Collecting Activations

class ActivationCollector:
    """Collect hidden state activations from a transformer model."""

    def __init__(self, model, tokenizer, layer_idx):
        self.model = model
        self.tokenizer = tokenizer
        self.layer_idx = layer_idx
        self.activations = []

    def collect(self, texts, max_tokens=512):
        """Collect activations from a list of texts."""
        hook_handle = None

        def hook_fn(module, input, output):
            # output is the hidden state at this layer
            if isinstance(output, tuple):
                hidden = output[0]
            else:
                hidden = output
            # Store all token positions
            self.activations.append(hidden.detach().cpu())

        # Register hook on the target layer
        layer = self.model.model.layers[self.layer_idx]
        hook_handle = layer.register_forward_hook(hook_fn)

        for text in texts:
            input_ids = self.tokenizer.encode(
                text, return_tensors="pt", max_length=max_tokens, truncation=True
            ).to("cuda")
            with torch.no_grad():
                self.model(input_ids)

        hook_handle.remove()

        # Flatten: list of [1, seq_len, d_model] -> list of [d_model]
        all_activations = []
        for act in self.activations:
            for pos in range(act.shape[1]):
                all_activations.append(act[0, pos])

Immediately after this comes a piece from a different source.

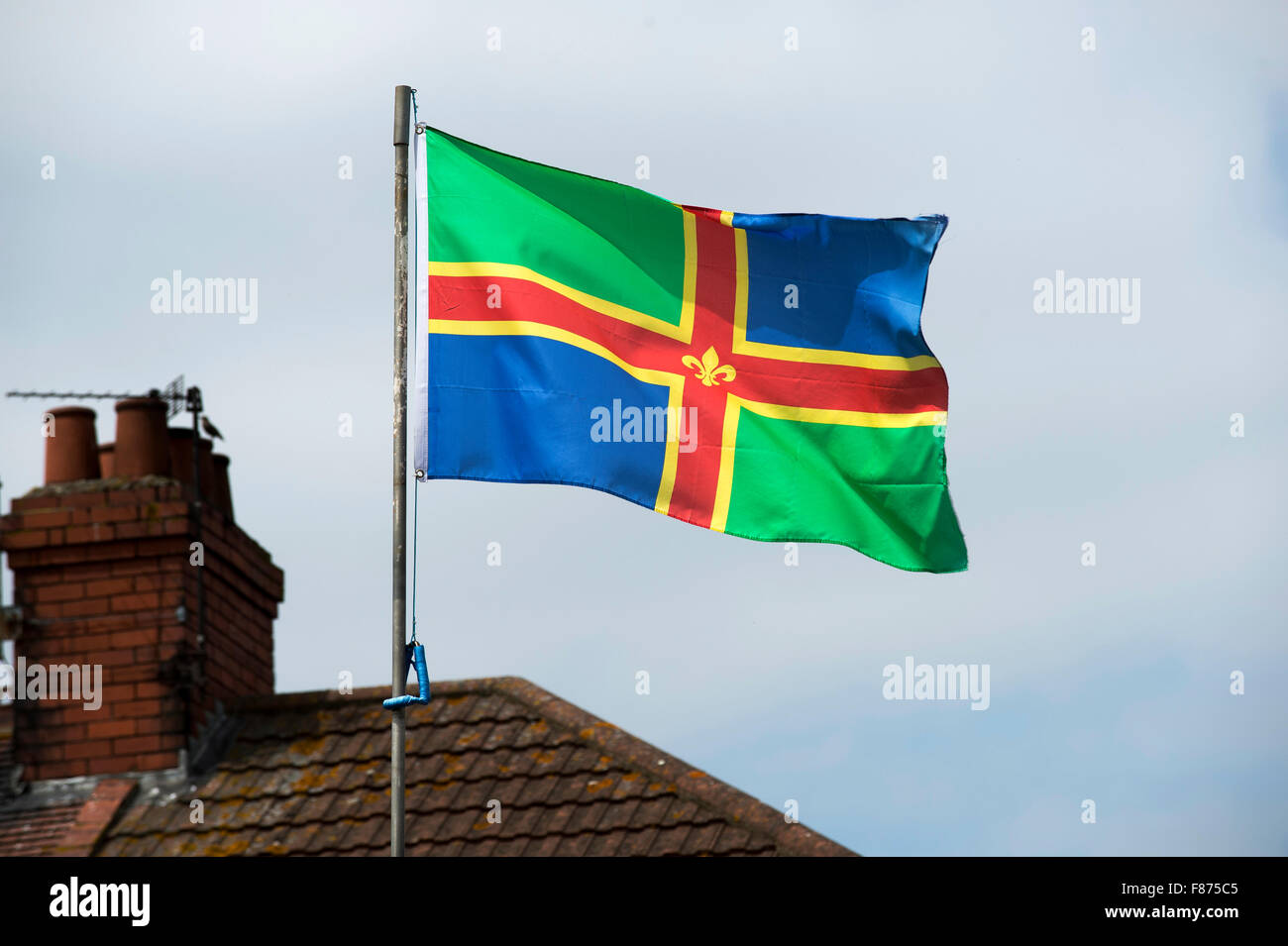 La bandera de Lincolnshire aleteo de un mástil sobre una casa en Grimsby, Lincolnshire. Foto de stock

        return all_activations

Feature Interpretation

Identifying What Features Represent

After training the SAE, each feature is a direction in hidden space. To interpret what a feature represents, find the inputs that maximally activate it:

class FeatureInterpreter:
    """Interpret SAE features by finding maximally activating inputs."""

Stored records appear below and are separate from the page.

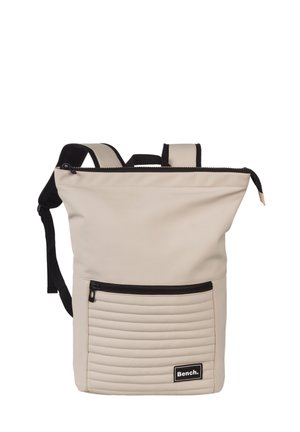 Beige rugzak met een ritssluiting aan de bovenkant, een getextureerd paneel aan de onderkant met verticale ribbels, verstelbare zwarte riemen en een voorvak met rits.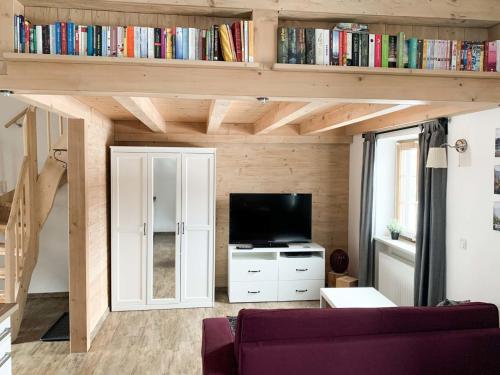 a living room with a couch and a tv at Fewo Aschauer in Schönau am Königssee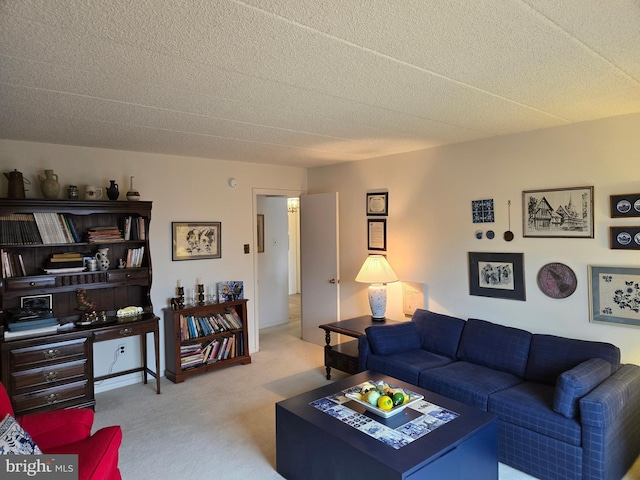 carpeted living area featuring a textured ceiling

    def __init__(self, sae, model, tokenizer, layer_idx):
        self.sae = sae
        self.model = model
        self.tokenizer = tokenizer
        self.layer_idx = layer_idx

    def find_top_activations(self, feature_idx, texts, top_k=20):
        """Find the inputs that maximally activate a specific feature."""
        activations = []

        for text_idx, text in enumerate(texts):
            input_ids = self.tokenizer.encode(
                text, return_tensors="pt", max_length=512, truncation=True
            ).to("cuda")

            # Get hidden states at the target layer
            with torch.no_grad():
                outputs = self.model(input_ids, output_hidden_states=True)
                hidden = outputs.hidden_states[self.layer_idx]  # [1, seq_len, d]

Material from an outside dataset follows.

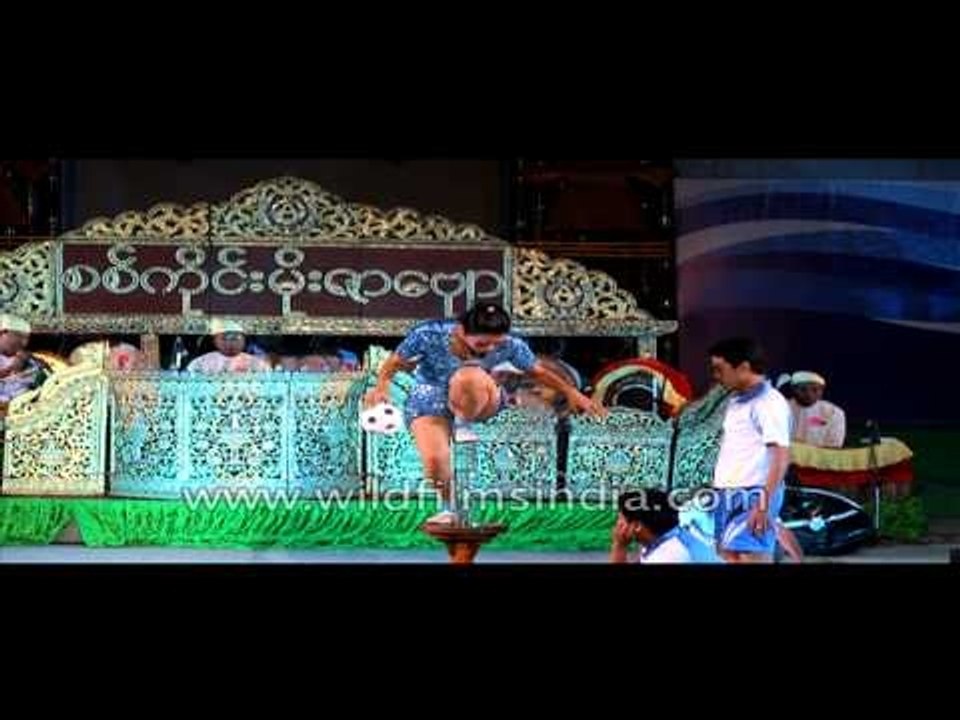Juggling while balancing on a bottle - at Sangai festival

            # Get SAE feature activations
            z = self.sae.get_feature_activations(hidden[0])  # [seq_len, M]

            # Find the activation of the target feature at each position
            feature_acts = z[:, feature_idx]  # [seq_len]

            for pos in range(len(feature_acts)):
                if feature_acts[pos] > 0:
                    # Get the token and its context
                    tokens = input_ids[0]
                    start = max(0, pos - 5)
                    end = min(len(tokens), pos + 6)
                    context = self.tokenizer.decode(tokens[start:end])
                    target_token = self.tokenizer.decode(tokens[pos:pos+1])

                    activations.append({
                        "text_idx": text_idx,
                        "position": pos,
                        "activation": feature_acts[pos].item(),
                        "token": target_token,
                        "context": context,
                    })

        # Sort by activation strength
        activations.sort(key=lambda x: x["activation"], reverse=True)
        return activations[:top_k]

    def auto_label_feature(self, feature_idx, texts, top_k=50):
        """Automatically generate a description of what a feature represents."""
        top_acts = self.find_top_activations(feature_idx, texts, top_k)

        if not top_acts:
            return "Dead feature (never activates)"

        # Collect the tokens and contexts
        tokens = [a["token"].strip() for a in top_acts]
        contexts = [a["context"] for a in top_acts]

        # Simple heuristic labeling
        from collections import Counter
        token_counts = Counter(tokens)
        most_common = token_counts.most_common(5)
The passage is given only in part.